Morgan Geyser, one of the perpetrators of the 2014 “Slender Man” stabbing, was taken into custody near Chicago Sunday after cutting off an ankle monitor and leaving a Wisconsin group home.
Officials were alerted Saturday night when her GPS monitoring bracelet malfunctioned and the group home reported she was not there and had removed the device. Madison police said they were not made aware of her disappearance until about 12 hours later. As authorities searched, Geyser’s attorney, Tony Cotton, posted a video urging her to turn herself in, saying, “Do not continue to remain on the run like this. It is not in your best interest to handle this matter that way.”
Posen, Ill., police said officers responded Sunday to a report of a man and woman loitering behind a truck stop and found them sleeping on the sidewalk. The woman repeatedly refused to give her name and initially provided a fake one. After repeated attempts to identify her, she reportedly said she didn’t want to tell officers who she was because she had “done something really bad,” and suggested they could “just Google” her name. Once she gave her true identity, officers confirmed she was Morgan Geyser, wanted by Wisconsin for escape after walking away from the group home. Geyser and the male companion were taken into custody without incident.
Geyser, now 23, moved into the Madison-area group home this fall after being released from the psychiatric facility where she had been held for about seven years. In May 2014, when she and a friend were 12, they lured classmate Payton Leutner into the woods after a sleepover.

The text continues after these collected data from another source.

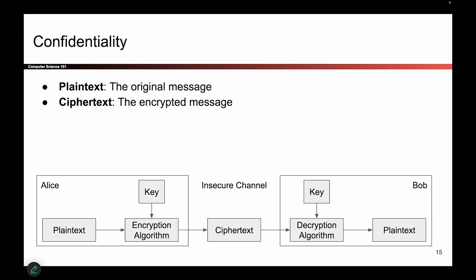One more piece of terminology: the original message before encryption is sometimes called plaintext, and the message after it has been scrambled up and encrypted is sometimes called ciphertext.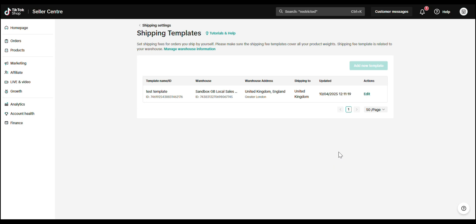Hey there! In this video, we're going to show you why setting up the correct shipping template in your TikTok shop is important, and how to do it for both US and UK stores.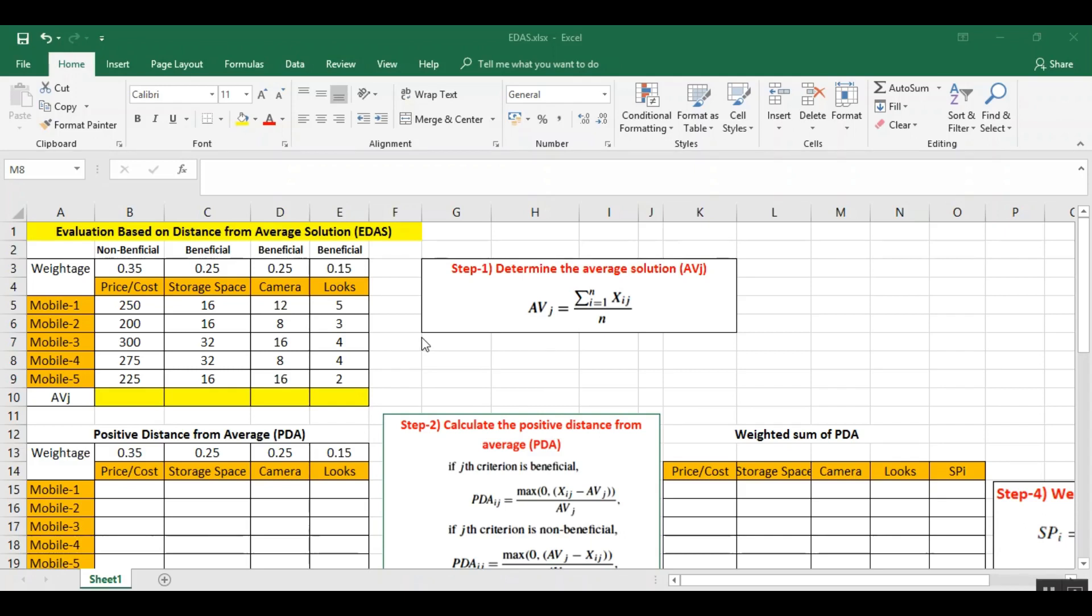Hello, my name is Manoj Matthew. Today I am going to explain about a new MCDM method known as evaluation based on distance from average solution.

Geyser stabbed Leutner 19 times while the other girl encouraged her. The pair then left Leutner for dead and began walking toward a forest they believed housed the fictional Slender Man. Leutner survived, crawling out of the woods and later undergoing emergency surgery; one doctor said a wound had missed a major artery by less than a millimeter.
Both defendants were tried as adults, found guilty by reason of mental disease or defect in 2017, and committed to the Winnebago Mental Health Institute — Geyser for 40 years and Anissa Weier for 25. Weier was released in 2021. Geyser appealed for release multiple times and a judge approved her conditional release after a January hearing in which three experts testified about her progress in treatment.

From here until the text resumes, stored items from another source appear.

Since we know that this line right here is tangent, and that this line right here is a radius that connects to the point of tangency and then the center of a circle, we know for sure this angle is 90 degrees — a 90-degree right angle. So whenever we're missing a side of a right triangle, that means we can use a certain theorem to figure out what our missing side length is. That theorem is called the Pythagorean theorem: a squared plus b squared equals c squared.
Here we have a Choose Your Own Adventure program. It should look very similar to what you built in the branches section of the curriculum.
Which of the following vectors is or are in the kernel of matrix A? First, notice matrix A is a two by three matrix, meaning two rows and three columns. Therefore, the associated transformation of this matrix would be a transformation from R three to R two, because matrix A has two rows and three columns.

Her move from the hospital was delayed for months by legal and logistical issues. Wisconsin health officials opposed the release plan, citing concerns that Geyser had not disclosed reading certain materials and had been communicating with a man who collects murder memorabilia; Geyser’s attorney said staff were aware and that she stopped communicating when she learned he was selling items she sent. Prosecutors later objected to the original group home placement after Leutner’s mother expressed concern that it was only eight miles from where her daughter lived. A revised plan was approved in July, but multiple potential placements fell through later in the year amid logistical problems and community backlash.
Cotton has said it is unclear whether Geyser left the group home voluntarily or was abducted. He warned previously that his biggest fear after her release was her ability to navigate new relationships, particularly with older men he said might not have her best interests in mind. Cotton wrote that during his 12 years representing Geyser he saw “seemingly normal men” behave inappropriately toward her.
Leutner has said the attack motivated her to pursue a medical career; she has spoken publicly about lingering trauma and, at one point, sleeping with broken scissors under her pillow “just in case.”